**TASK REQUIREMENTS:** Using the listing below, determine the count of lines with the word "Stock" and reply only with it.

##### THE DATA

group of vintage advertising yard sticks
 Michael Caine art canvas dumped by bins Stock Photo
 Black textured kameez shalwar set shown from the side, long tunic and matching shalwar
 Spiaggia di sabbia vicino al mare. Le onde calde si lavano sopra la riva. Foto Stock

##########

**ANSWER SECTION:** 2